- **Your assignment**:
Every entry in the data is to be written out exactly; no picture belongs in the copy.

[Dataset entries]
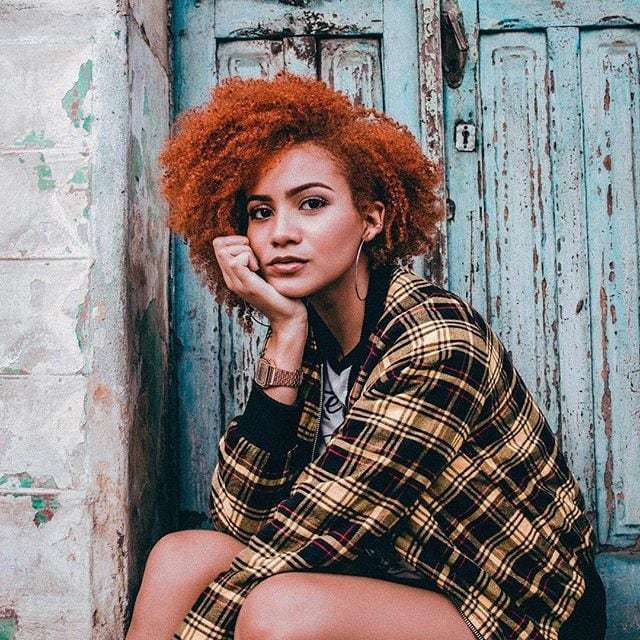 Influenciadora Julia Lira com jaqueta xadrez amarela e preta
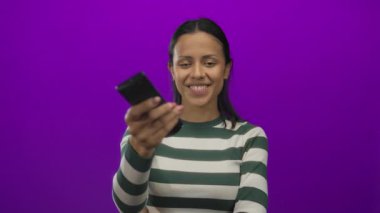 Canlı mor bir arka planda televizyon kumandası tutan bir kadın çizgili bir gömlekle güvenle gülümsüyor, neşeli ve davetkar bir sahne yaratıyor..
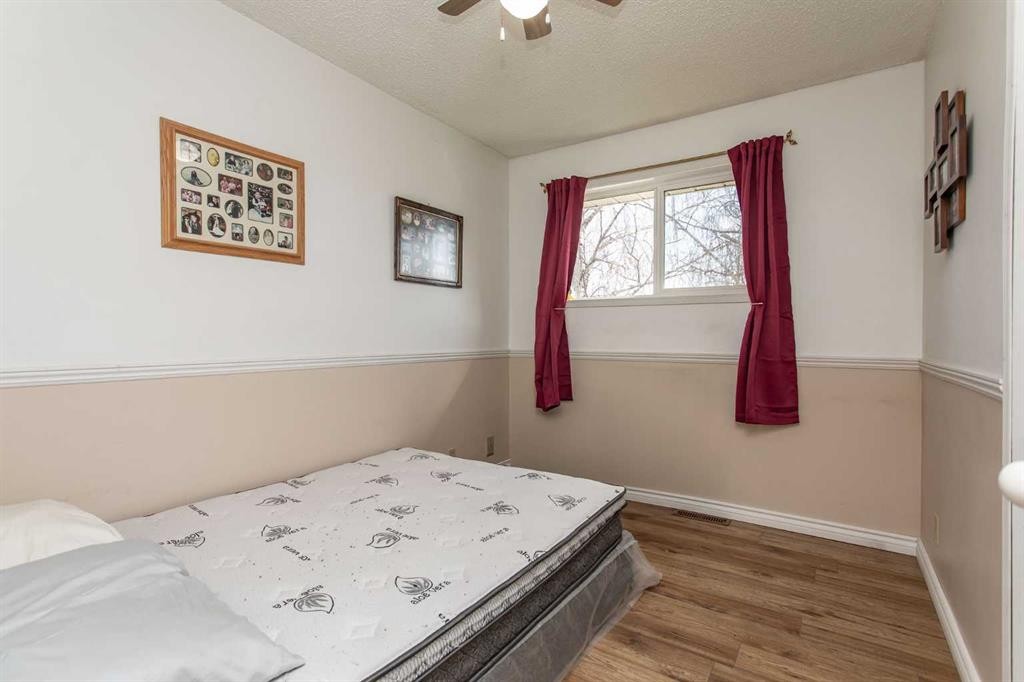 62 Nance Avenue, Red Deer, AB - Indoor Photo Showing Bedroom
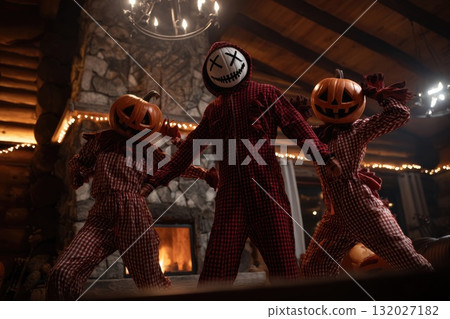 Friends wearing scary costumes dancing in halloween party in a wooden house 132027182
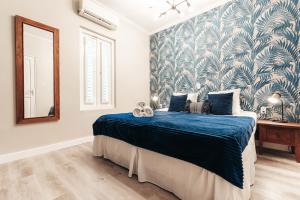 Katil atau katil-katil dalam bilik di Atelier Skalo Boutique Hotel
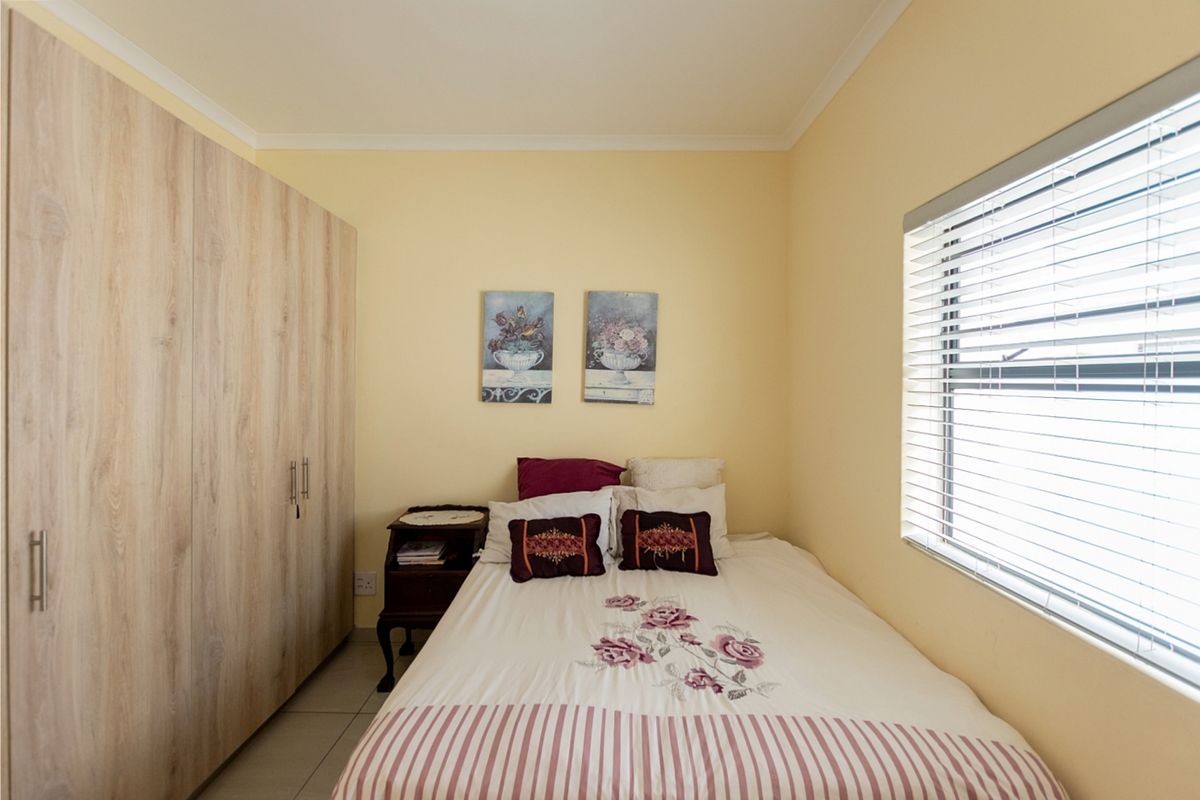A functional bedroom featuring light wood-finish built-in wardrobes, tiled flooring, and venetian blinds for privacy.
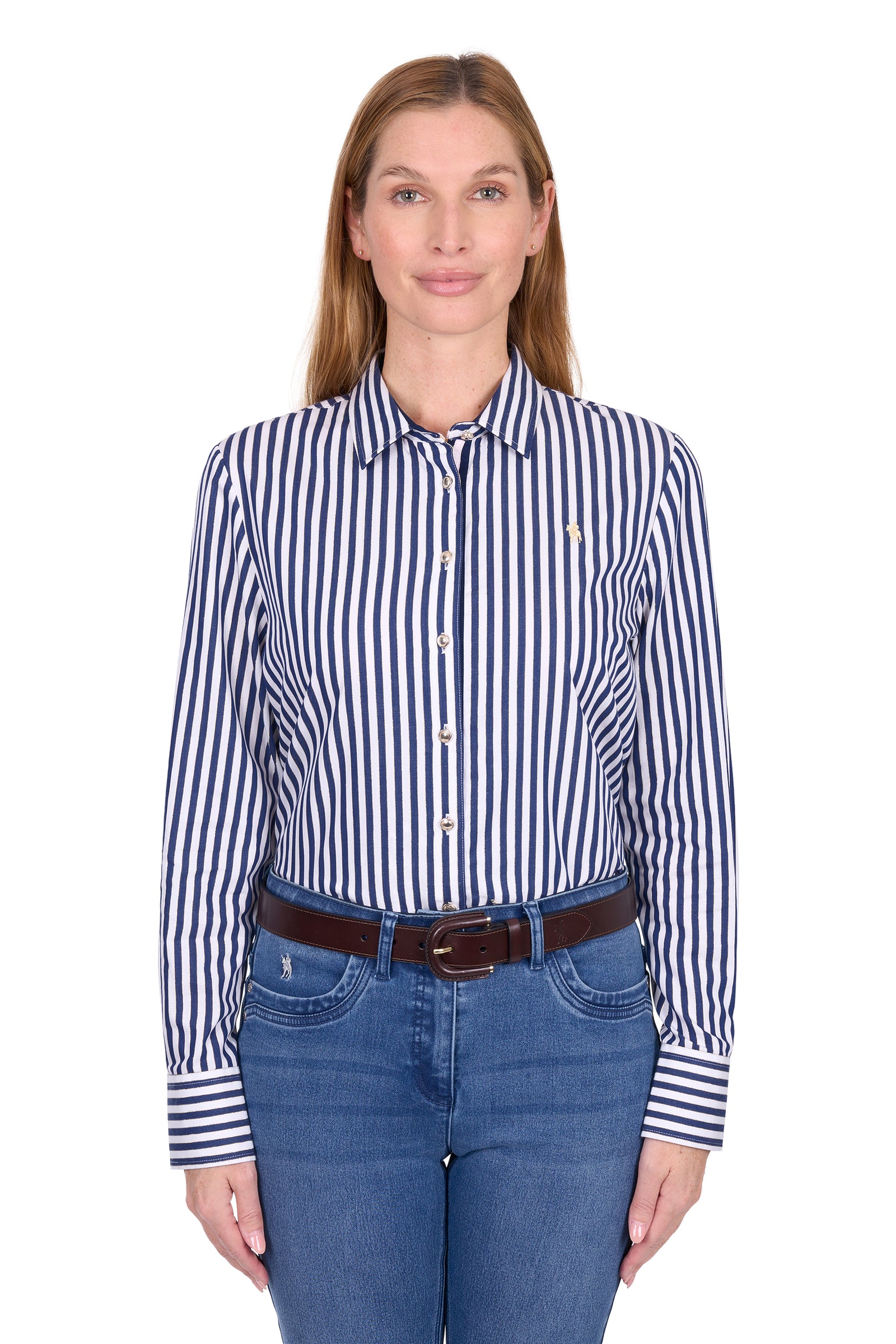 Woman wearing a blue and white striped shirt with a brown belt and blue jeans on a white background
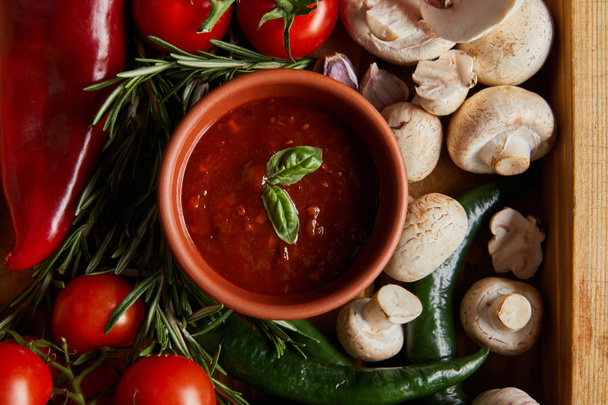 top view of tomato sauce with basil leaves near cherry tomatoes, green chili peppers, mushrooms and rosemary  - Фото, изображение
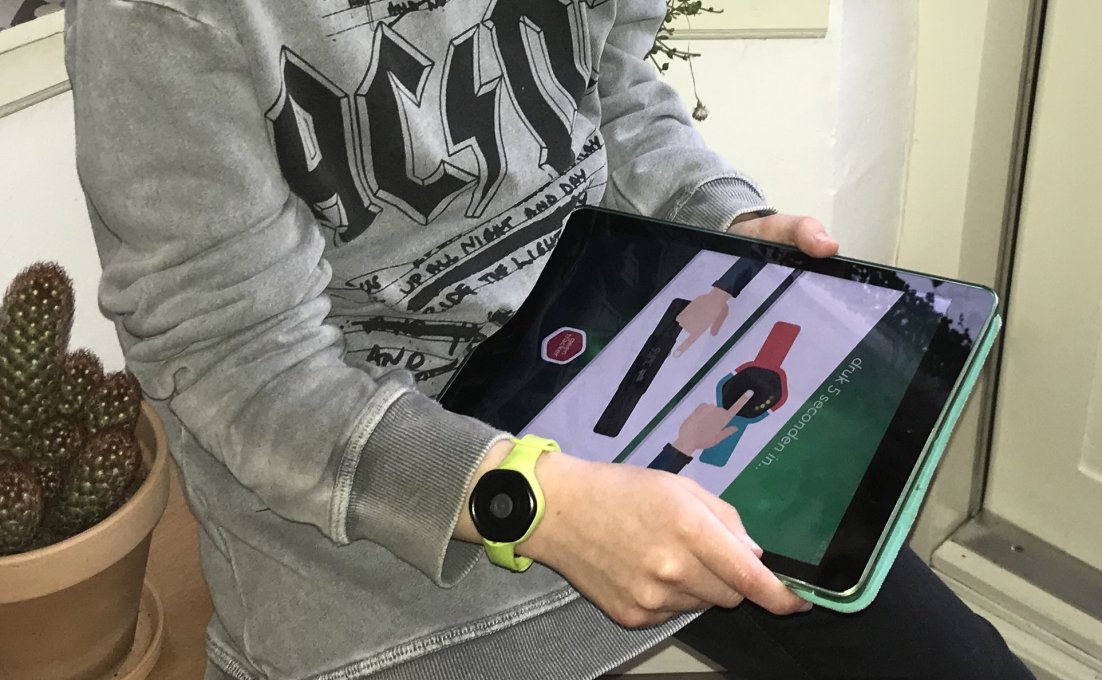 Kind draagt Boosth armband en houdt tablet vast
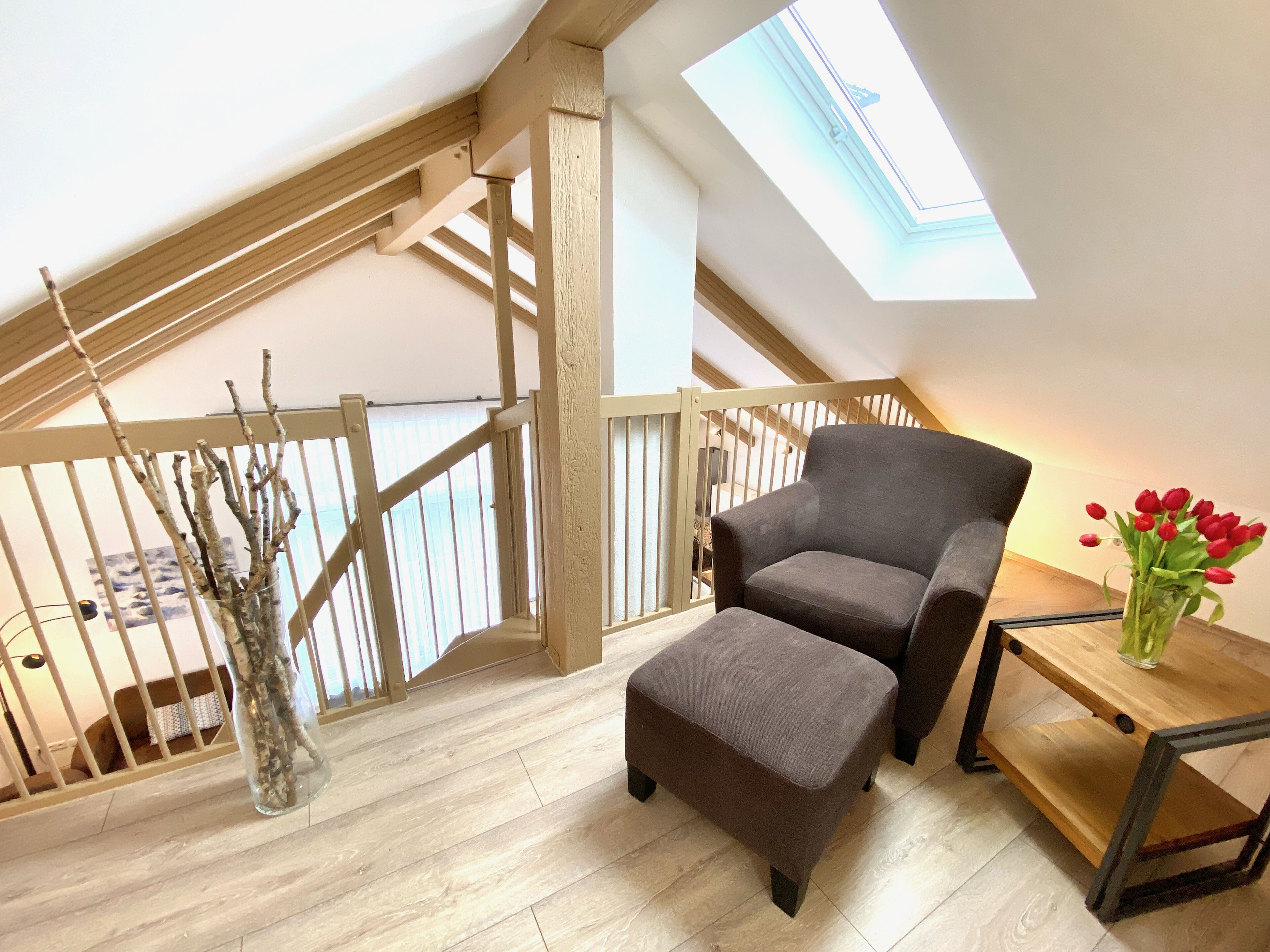 Ein Loft-Zimmer mit hoher Decke, Holzbalken, einem Oberlicht, einem grauen Sessel, einem kleinen Hocker, einem Holztisch mit einer Vase roter Blumen und einer Glasvase mit Zweigen.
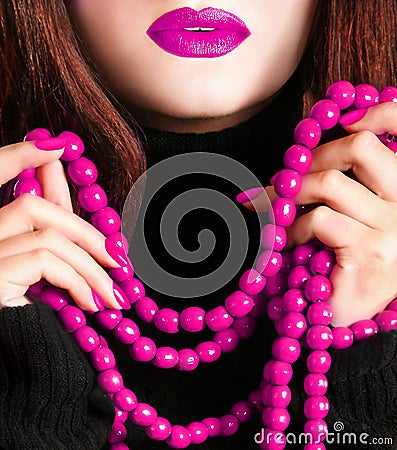 Young beautiful pretty young fashion model woman lady girl with bead necklace and pink makeup Stock Photo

- **Response**:
 Influenciadora Julia Lira com jaqueta xadrez amarela e preta
 Canlı mor bir arka planda televizyon kumandası tutan bir kadın çizgili bir gömlekle güvenle gülümsüyor, neşeli ve davetkar bir sahne yaratıyor..
 62 Nance Avenue, Red Deer, AB - Indoor Photo Showing Bedroom
 Friends wearing scary costumes dancing in halloween party in a wooden house 132027182
 Katil atau katil-katil dalam bilik di Atelier Skalo Boutique Hotel
A functional bedroom featuring light wood-finish built-in wardrobes, tiled flooring, and venetian blinds for privacy.
 Woman wearing a blue and white striped shirt with a brown belt and blue jeans on a white background
 top view of tomato sauce with basil leaves near cherry tomatoes, green chili peppers, mushrooms and rosemary  - Фото, изображение
 Kind draagt Boosth armband en houdt tablet vast
 Ein Loft-Zimmer mit hoher Decke, Holzbalken, einem Oberlicht, einem grauen Sessel, einem kleinen Hocker, einem Holztisch mit einer Vase roter Blumen und einer Glasvase mit Zweigen.
 Young beautiful pretty young fashion model woman lady girl with bead necklace and pink makeup Stock Photo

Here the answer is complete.